Béatrice Métraux du côté de Créon

Comment ceux-ci peuvent-ils agir à bon escient mais à leur insu? Que se passe-t-il dans leur tête? Doit-on les assimiler à ces agents secrets hyperefficaces, mais qu’on n’a pas informés des objectifs ultimes de leur mission? Somme toute, avec Béatrice Métraux, nous n’aurons fait que nous perdre dans la complexité du problème. Elle n’est assurément ni une casseuse, ni une complice des trafiquants de drogue, et pas davantage un génie de la stratégie, et pourtant elle frappe juste. Doit-on mettre sa décision au compte du vandalisme, de l’intelligence politique ou de l’inconscience? Aucune de ces explications n’est déterminante; elles couvrent pourtant le champ des hypothèses.

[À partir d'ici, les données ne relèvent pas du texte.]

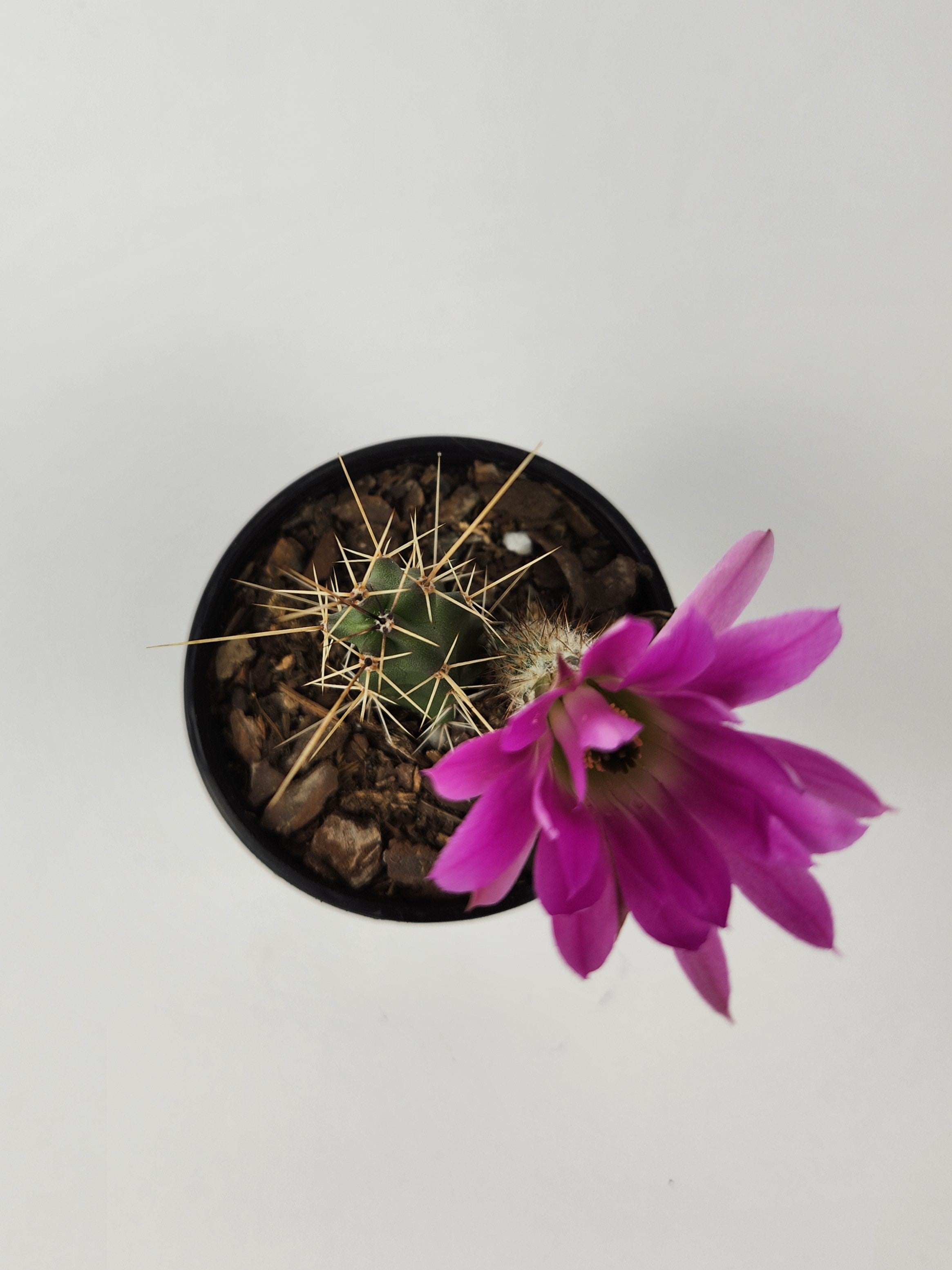 ECHINOCEREUS PENTALOPHUS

En cas de panne théorique, il y a toujours un mythe grec approprié, et c’est évidemment à Antigone qu’on pense en l’occurrence – ou plus précisément à Créon, puisque Béatrice Métraux s’est mise de son côté. Mais justement, et par définition, le mythe signale  un échec de la rationalité, il théâtralise l’insolubilité, il ouvre un au-delà de la légalité qui ne peut se résoudre que par le passage à l’acte tel qu’on l’entend en psychanalyse ou par le passage à l’action telle qu’on l’entend en politique. S’agissant du collectif des Orchidées, il y aura eu violence de part et d’autre, des libertaires contre la loi, et de la magistrate contre les libertés.  Il faut se faire à l’idée que, déjà, une prise de parti, si argumentée soit-elle, est violente, elle franchit le seuil de la délibération, elle se conclut par un «oui» ou par un «non» expéditif et définitif. Autrement dit, on passe nécessairement de la théorie au coup de force. D’où, pour en finir avec les arguties, ma question conclusive : «Êtes-vous pour ou contre la ZAD?»